■ Activity ■
Omit the images, then output each of the records below exactly.

■ Information given ■

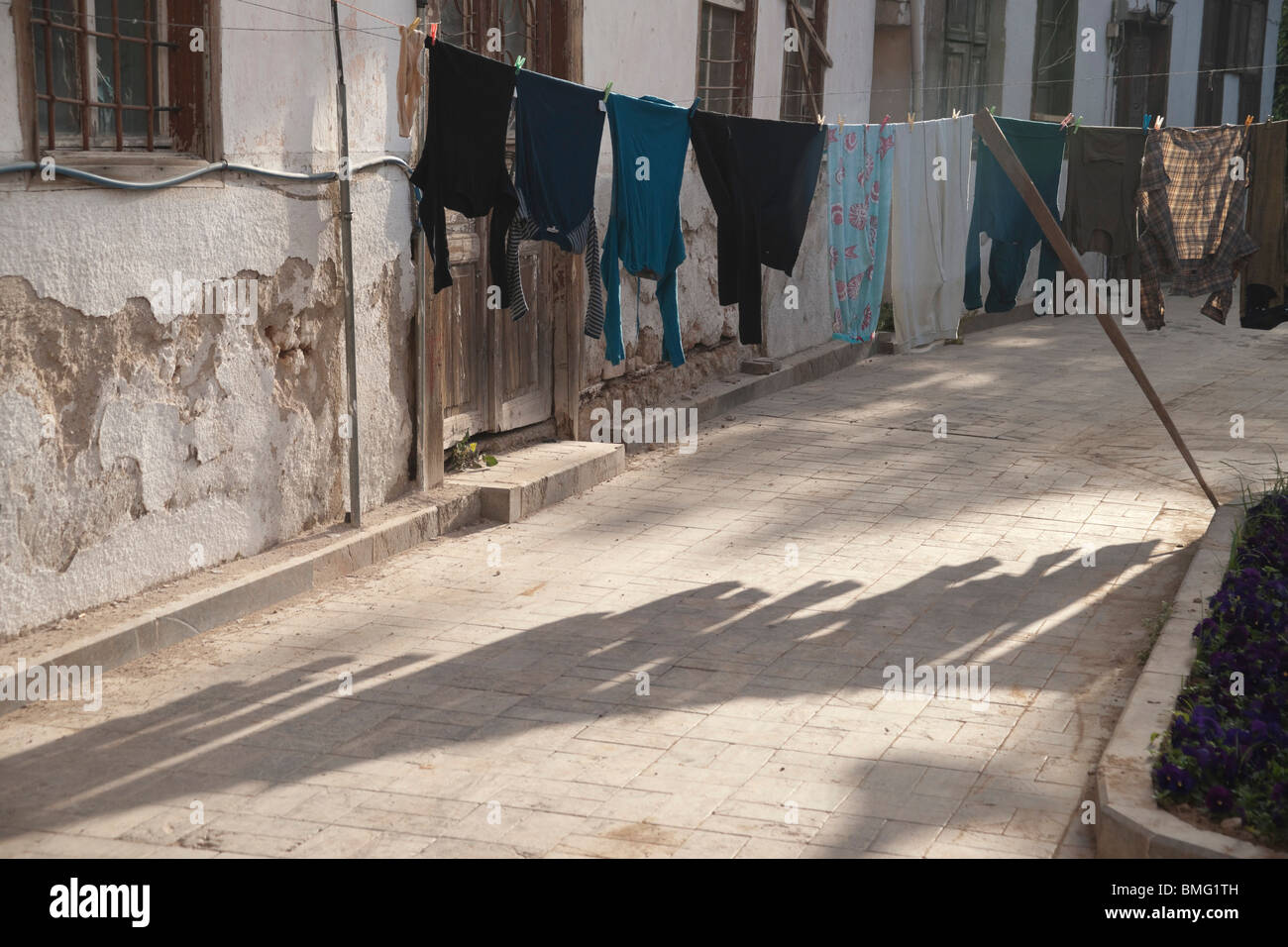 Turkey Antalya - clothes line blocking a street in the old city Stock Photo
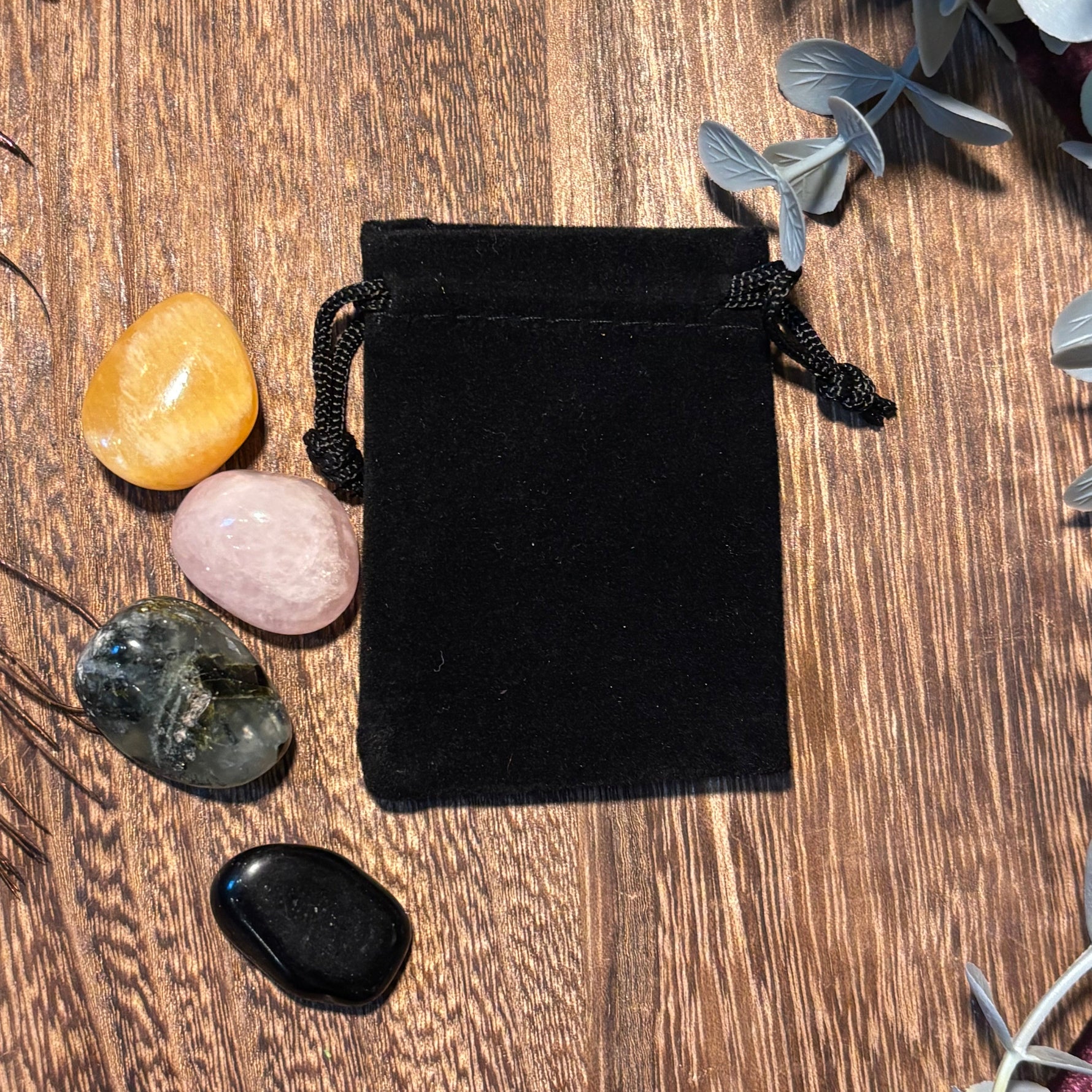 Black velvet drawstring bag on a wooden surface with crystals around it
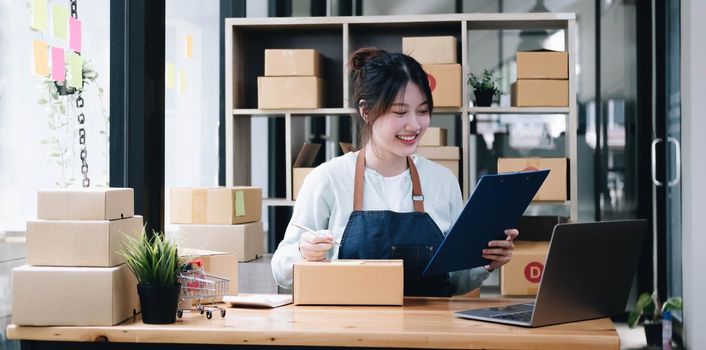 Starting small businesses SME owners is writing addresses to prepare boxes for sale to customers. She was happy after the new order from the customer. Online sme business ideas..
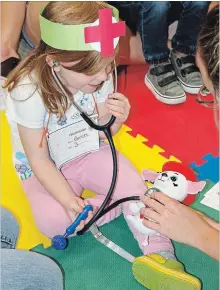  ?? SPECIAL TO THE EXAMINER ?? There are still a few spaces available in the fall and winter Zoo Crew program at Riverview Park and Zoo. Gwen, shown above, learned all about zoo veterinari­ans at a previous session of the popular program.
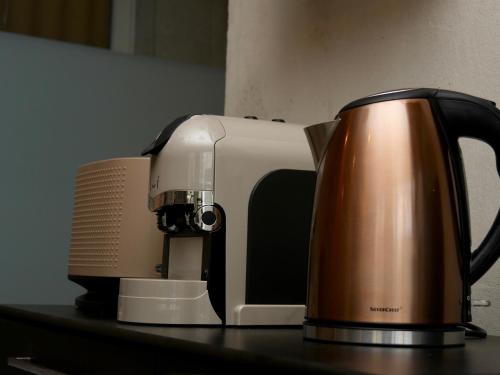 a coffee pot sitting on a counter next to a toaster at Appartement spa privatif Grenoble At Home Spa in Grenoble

■ Solution to this exercise ■
 Turkey Antalya - clothes line blocking a street in the old city Stock Photo
 Black velvet drawstring bag on a wooden surface with crystals around it
 Starting small businesses SME owners is writing addresses to prepare boxes for sale to customers. She was happy after the new order from the customer. Online sme business ideas..
  ?? SPECIAL TO THE EXAMINER ?? There are still a few spaces available in the fall and winter Zoo Crew program at Riverview Park and Zoo. Gwen, shown above, learned all about zoo veterinari­ans at a previous session of the popular program.
 a coffee pot sitting on a counter next to a toaster at Appartement spa privatif Grenoble At Home Spa in Grenoble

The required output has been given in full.